P(\beta|Y,X) has no nice parametric form that we know. Usually two approaches are considered:

  • Decide on a deterministic method to obtain an approximation. If this lives within some chosen parametric family it is called variational inference. the Laplace approximation which construct a Gaussian around the mode of P(\beta|Y,X) can also be considered such a method.
  • Use MCMC to draw samples from P(\beta|Y,X) to construct a linear combination of point estimates as the approximation.

For either approaches the gradient is usually required.

2 Derivatives of log-likelihood

In all the approaches we needed to work with the log-likelihood. Specifically, we require the gradient. Assuming i.i.d. samples we can write the likelihood as,

 L(\beta ; Y, X)=\prod_{i=1}^{N}\left[\sigma\left(x_{i} \beta\right)\right]^{y_i}\left[1-\sigma\left(x_{i} \beta\right)\right]^{1-y_{i}}.

This correctly “activates” either of P(Y_i=1|X_i,\beta) and P(Y_i=0|X_i,\beta)=1-P(Y_i=1|X_i,\beta) depending on the value of y_i.

The log-likelihood is trivially,

 l(\beta ; Y, X)=\sum_{i=1}^{N}\left[-\ln \left(1+\exp \left(x_{i} \beta\right)\right)+y_{i} x_{i} \beta\right].

The derivative of the log-likelihood (sometimes called the score) can then be shown to be,

 \nabla_{\beta} l(\beta ; Y, X)=\sum_{i=1}^{N}\left[y_{i}-\sigma\left(x_{i} \beta\right)\right] x_{i}. \qquad(1)

3 In practice

The way we have defined the log-likelihood we need y_i\in \{0,1\} for things to work out nicely.

4 Connection with optimization

There is a nice connection with regularization if we instead of MLE did maximum a posteriori (MAP) which simply maximizes,

 p(\beta|X,Y) \propto p(\beta|X,Y)p(\beta).

Working with the potential functions instead (i.e. the log probability),

 \log p(\beta|X,Y) \propto \nabla_{\beta} l(\beta ; y, X) + \log p(\beta).

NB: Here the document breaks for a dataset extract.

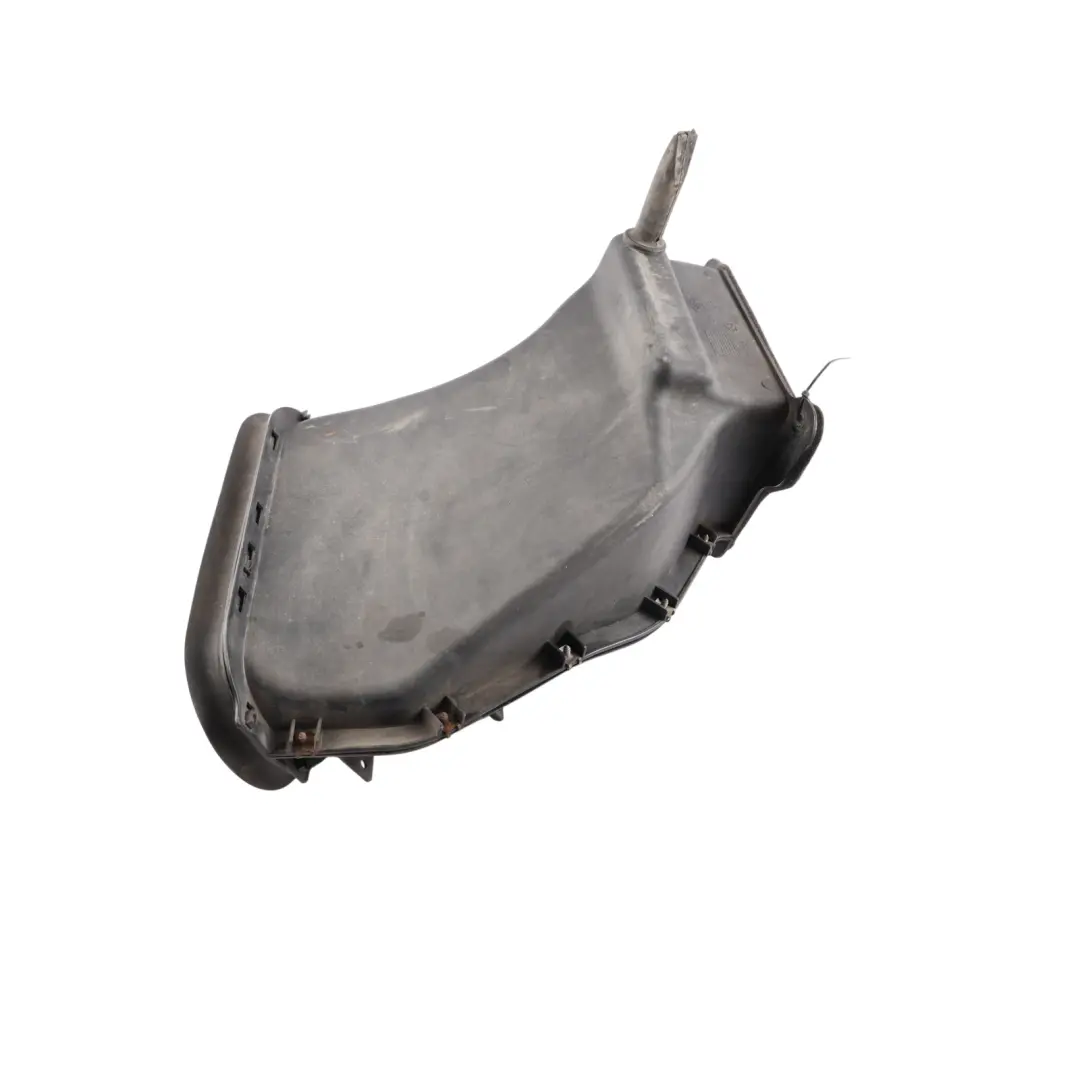 Ford Transit Mk8 Heater Air Intake Duct Pipe Channel Front - SKU RHD-BK31-18713-AF - Part number BK31-18713-AF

If we choose a Gaussian prior p(\beta) = \mathcal N(0, \lambda I) this is,

 \log p(\beta|X,Y) \propto \nabla_{\beta} l(\beta ; y, X) + \lambda \|\beta\|_2, \qquad(2)

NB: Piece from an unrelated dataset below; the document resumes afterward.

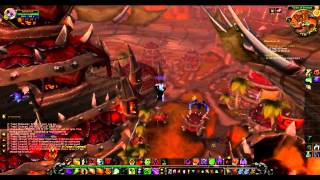 how to glitch in world of warcraft tutorial + basic items u need patch 5 2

Which is simply the negative log-likelihood with L_2-regularization!

5 Alternatives

The two assumptions we made in the beginning can be altered:

  • The logistic function can we exchange with another sigmoid function, e.g. the standard normal cumulative distribution.
  • We could choose a different prior than Gaussian. However, it is particularly nice computationally since it makes the optimization objective strongly convex. Even if we try to sample the posterior p(\beta|XY) instead of optimizing with MAP this is desirable. This is because gradient based sampling techniques such as Unadjusted Langevin Dynamics (ULA) similarly benefits from the strong convexity (see e.g. [1]).

6 Resources

A resource I found useful was Roman Garnett lecture notes.

7 Exercises

  1. Derive the gradient of the log-likelihood in eq. 1.
  2. Verify that Gaussian is equivalent to L_2-regularization in eq. 2.

[1] A. Durmus and S. Majewski, “Analysis of langevin monte carlo via convex optimization.” Journal of Machine Learning Research, vol. 20, no. 73, pp. 1–46, 2019.